Probing Nuclear Quantum Effects in Green Proton-Conducting Solvents

Deep eutectic solvents (DESs) and ionic liquids (ILs) are sustainable, highly tunable alternatives to conventional solvents with growing relevance in energy, catalysis, and electrochemistry. Many of their key properties—such as proton conductivity, viscosity, and acid–base behavior—are governed by extended hydrogen-bond networks. Because protons are extremely light, classical models may fail to capture their behavior, and nuclear quantum effects (NQEs) can play a decisive role in determining structure and dynamics.

This summer internship will investigate NQEs in selected proton-conducting ILs and DESs using state-of-the-art computational chemistry methods. The student will join the Theoretical Chemistry research group and contribute to an ongoing project aimed at developing a quantum-mechanical description of hydrogen bonding and proton transfer in these complex liquids.

During the internship, the student will learn to perform and analyze electronic-structure and molecular simulations, including density functional theory and Nuclear–Electronic Orbital Density Functional Theory (NEO-DFT).
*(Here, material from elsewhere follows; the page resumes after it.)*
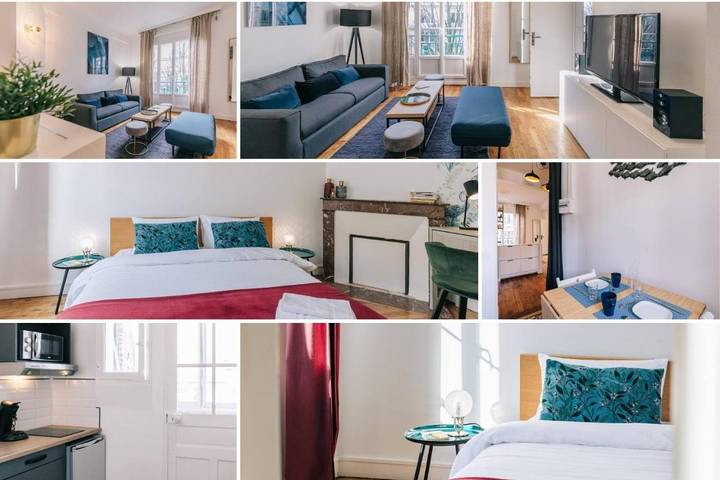 Gîte pour 4 personnes dans Gare De Rennes - 2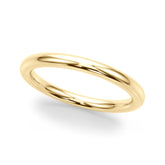 Plain Wedding Gold Band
Depending on background and progress, the work may be extended to path-integral approaches that explicitly include NQEs. The student will compare classical and quantum descriptions of nuclei to assess the impact of NQEs on hydrogen-bond geometries, proton sharing, and dynamical behavior, and will be trained in trajectory analysis and visualization techniques.

This internship is suitable for students with a background in chemistry, physics, or materials science and interest in pursuing a career in theoretical or computational chemistry. By the end of the project, the student will have gained hands-on experience with advanced simulation techniques and a deeper understanding of quantum effects in condensed-phase systems.